Segment Start: INPUT DATA
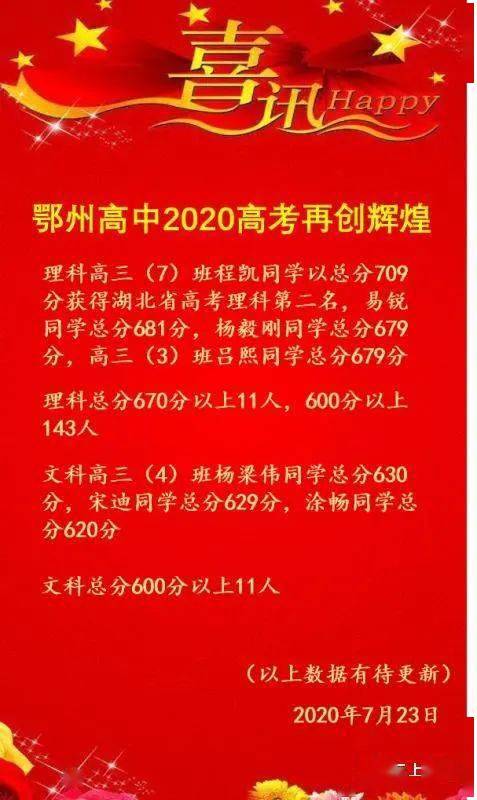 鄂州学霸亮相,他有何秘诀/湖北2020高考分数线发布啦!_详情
Segment End: INPUT DATA
Segment Start: INPUT DATA
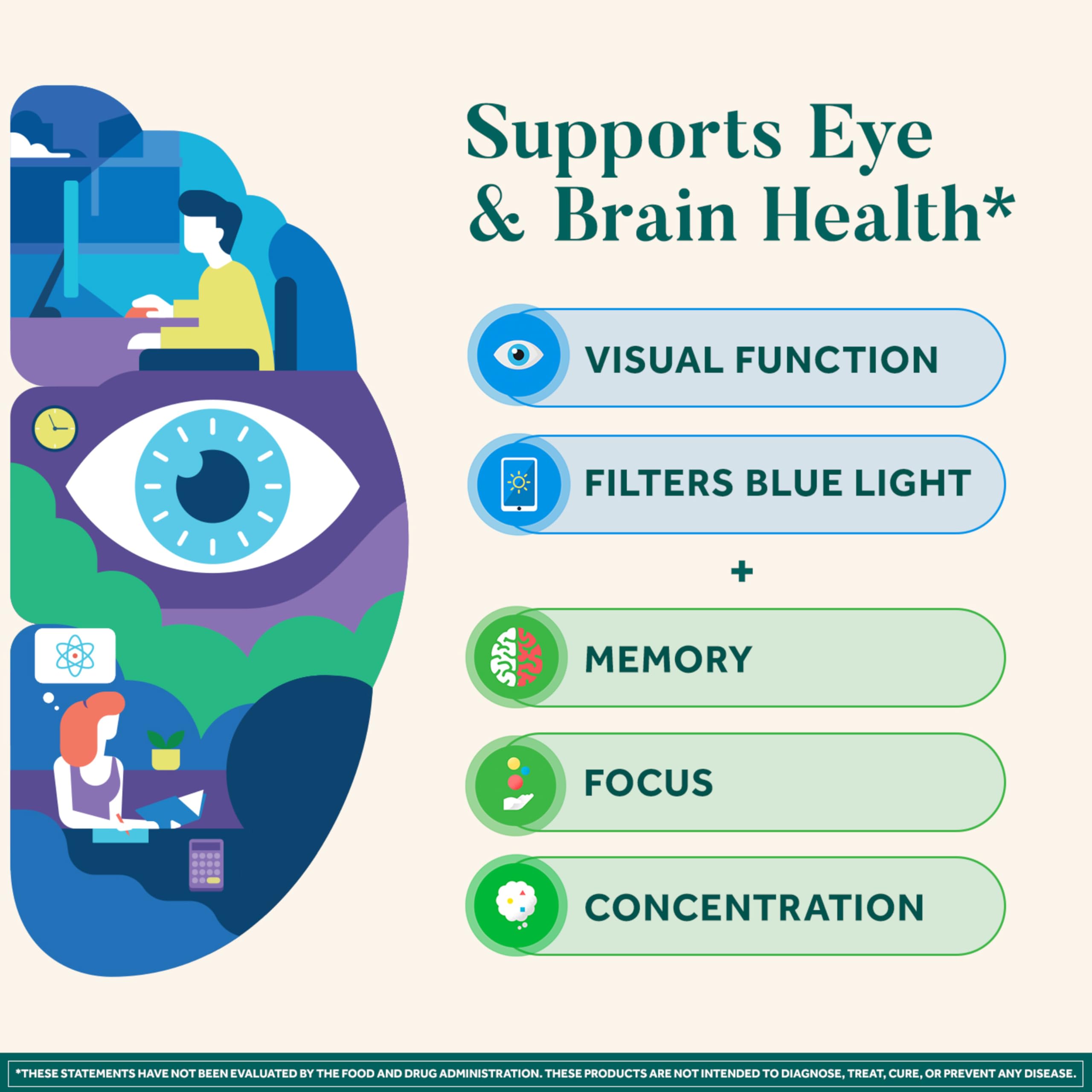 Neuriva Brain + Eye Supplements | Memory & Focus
Segment End: INPUT DATA
Segment Start: INPUT DATA
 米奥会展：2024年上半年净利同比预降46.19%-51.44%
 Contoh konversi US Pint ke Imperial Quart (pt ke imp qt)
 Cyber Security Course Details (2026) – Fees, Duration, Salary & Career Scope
Segment End: INPUT DATA
From the records above, copy out the line with "米奥会展：2024年上半年净利同比预降46.19%-51.44%", the line with "Cyber Security Course", and every line between them, word for word.

### WRITTEN SOLUTION:
 米奥会展：2024年上半年净利同比预降46.19%-51.44%
 Contoh konversi US Pint ke Imperial Quart (pt ke imp qt)
 Cyber Security Course Details (2026) – Fees, Duration, Salary & Career Scope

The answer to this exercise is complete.